Burgundy, black vinyl, black interior, very cool........ Although, I'm with Bear, if you don't like it change it....


----------



## likethat (Oct 5, 2007)

It isn't original now might as well be blue as orange.


----------



## jetstang (Nov 5, 2008)

Is the rest of the car original beyond the numbers? Are you selling it? If you are selling then returning to the original color is a good investment, and burgundy isn't that bad, but resale red or black might equal the value. It is a sharp car, any color will look great, it doesn't need bling to make it stand out. My car was orange with a tan vinyl top, it was red and still is, but it's a Lemans.


----------



## SixTeight (Apr 24, 2011)

I don't plan on selling it. It's the car I've always wanted. Everything is original except the front seats, carpet, door panels, headliner, headers, intake manifold, carb., and air cleaner.

I think I'm going to do white vinyl seats with blue carpet and white paint with blue stripes.


----------



## 68GTO4004Spd (Jun 19, 2008)

Just curious, why do you keep calling it a "GTO Standard"? Is it because it's a manual shift or do you think there is a "standard" and a deluxe model?


----------



## xconcepts (Jan 4, 2009)

Hey, hey, not a thing wrong with Burgundy. I wouldn't want mine any other color.


----------



## dillon14 (Apr 5, 2009)

I also just purchased a 1968 GTO 4-speed. All numbers matching car that was repainted red. The paint was fine and I could have left it alone. However, the car was originally Flambeau Burgundy and it is being painted back to that original color as we speak.
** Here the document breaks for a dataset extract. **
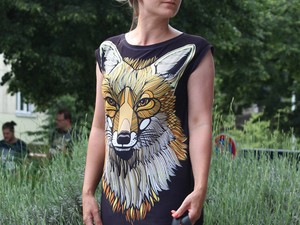 Takács Judit ma egy bohém ruhát visel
The red was nice but it seems like everyone has red cars. Very few Flambeau Burgundy paint cars around and personally, I love the color. I also needed to redo the front bucket seats which I did myself.
My car when I purchased it:








What my car will look like minus the vinyl roof when painted back to the original Flambeau Burgundy:


----------



## SixTeight (Apr 24, 2011)

68GTO4004Spd said:


> Just curious, why do you keep calling it a "GTO Standard"? Is it because it's a manual shift or do you think there is a "standard" and a deluxe model?


Not sure where I picked up the standard part TBH, I suppose I just meant "not the H.O."


----------



## Mikesan (Apr 2, 2011)

Here's an idea. Paint it the color you like for now and 10 years later when it's due for another paint job and you're ready to sell, return it to original. My car was Linden Green, now silver. It'll eventually be a dark red metallic with a dark gray roof. And it'll stay that way until I sell it or give it to one of my kids.


----------



## Too Many Projects (Nov 15, 2008)

Welcome and as has been said, paint it any color YOU like. 
I'm a little shocked that you didn't verify any of this info BEFORE purchasing. Any nice GTO with claimed numbers matching drivetrain would carry a hefty price and should have been verified first. 

Glad it's working out to be what you were told...:cool

Now, order the PHS docs and you'll know everything about your car.


----------



## cgseaman (Jul 14, 2010)

*Congrats!*

Don't rub it in.... Some of us have numbers from 69 in their 68. :willy:

Goodtimes...congrats!


----------